What you have to do>
Reproduce only the lines of the material below that start at the line containing "LOCALROOTPREFIX" and stop at the line containing "del dibujo actual.". Keep both end lines.

Supplied material>
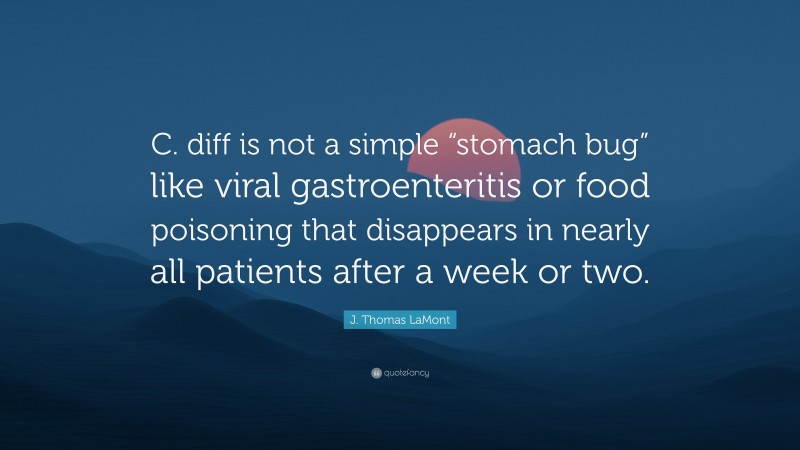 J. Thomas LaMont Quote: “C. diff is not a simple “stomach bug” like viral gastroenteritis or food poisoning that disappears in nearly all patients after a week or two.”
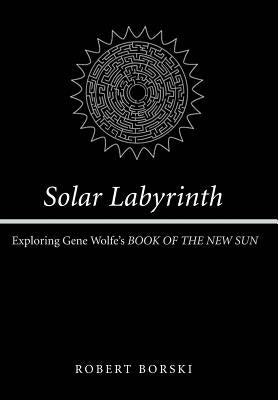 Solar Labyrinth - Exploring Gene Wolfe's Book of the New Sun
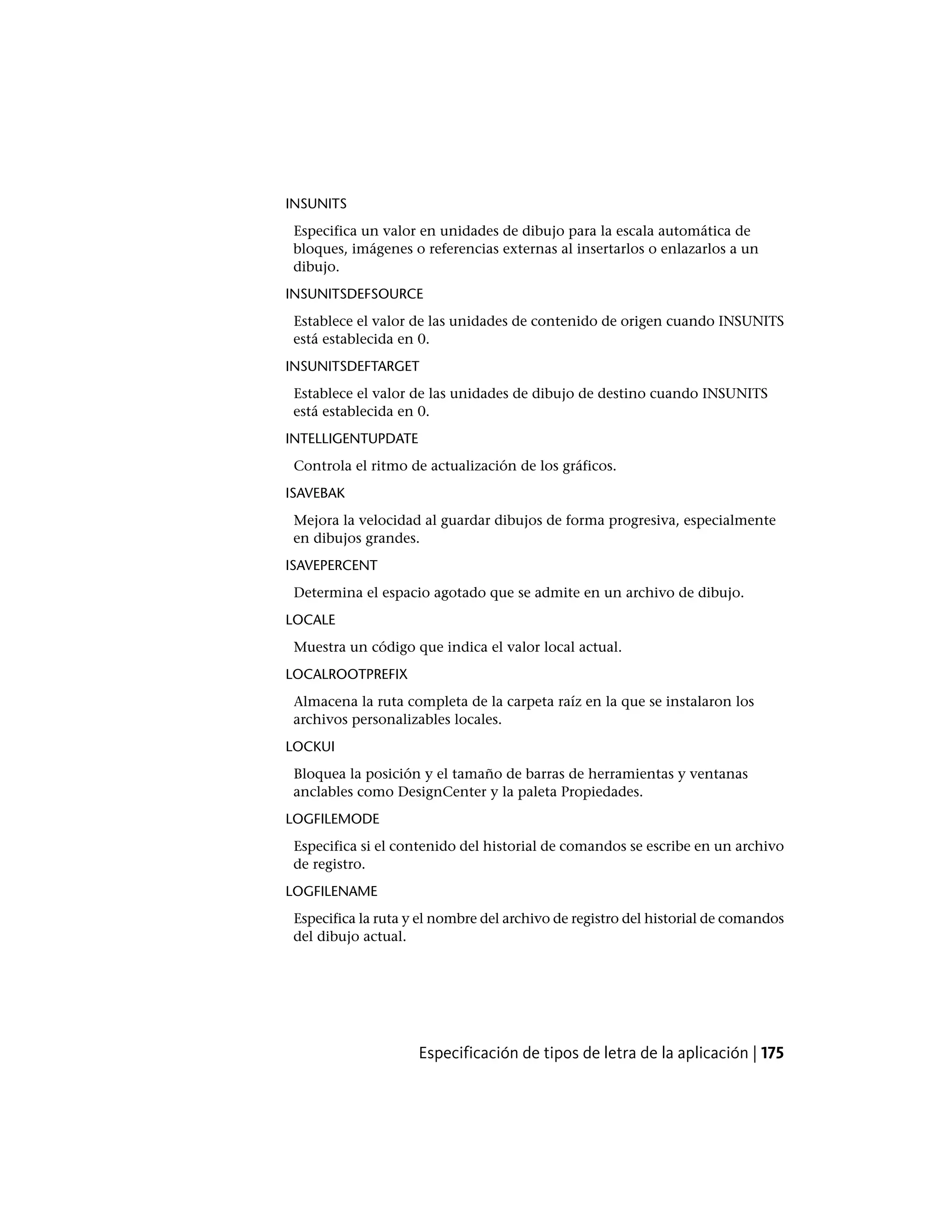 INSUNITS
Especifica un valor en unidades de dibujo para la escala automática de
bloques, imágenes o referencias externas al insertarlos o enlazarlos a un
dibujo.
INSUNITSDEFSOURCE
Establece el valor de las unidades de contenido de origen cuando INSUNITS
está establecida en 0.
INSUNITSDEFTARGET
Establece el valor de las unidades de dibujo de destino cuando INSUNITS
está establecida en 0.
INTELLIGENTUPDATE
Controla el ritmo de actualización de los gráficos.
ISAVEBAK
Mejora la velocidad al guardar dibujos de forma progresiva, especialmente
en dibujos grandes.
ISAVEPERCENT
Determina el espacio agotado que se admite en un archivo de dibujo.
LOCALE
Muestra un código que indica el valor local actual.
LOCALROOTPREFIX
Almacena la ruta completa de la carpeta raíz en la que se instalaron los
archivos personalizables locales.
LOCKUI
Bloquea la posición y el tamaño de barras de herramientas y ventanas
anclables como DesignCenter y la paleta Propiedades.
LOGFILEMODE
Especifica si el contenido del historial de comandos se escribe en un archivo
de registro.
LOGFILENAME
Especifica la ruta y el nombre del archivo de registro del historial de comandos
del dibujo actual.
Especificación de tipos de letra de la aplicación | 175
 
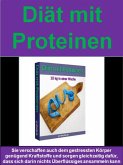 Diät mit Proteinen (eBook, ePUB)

Output below>
LOCALROOTPREFIX
Almacena la ruta completa de la carpeta raíz en la que se instalaron los
archivos personalizables locales.
LOCKUI
Bloquea la posición y el tamaño de barras de herramientas y ventanas
anclables como DesignCenter y la paleta Propiedades.
LOGFILEMODE
Especifica si el contenido del historial de comandos se escribe en un archivo
de registro.
LOGFILENAME
Especifica la ruta y el nombre del archivo de registro del historial de comandos
del dibujo actual.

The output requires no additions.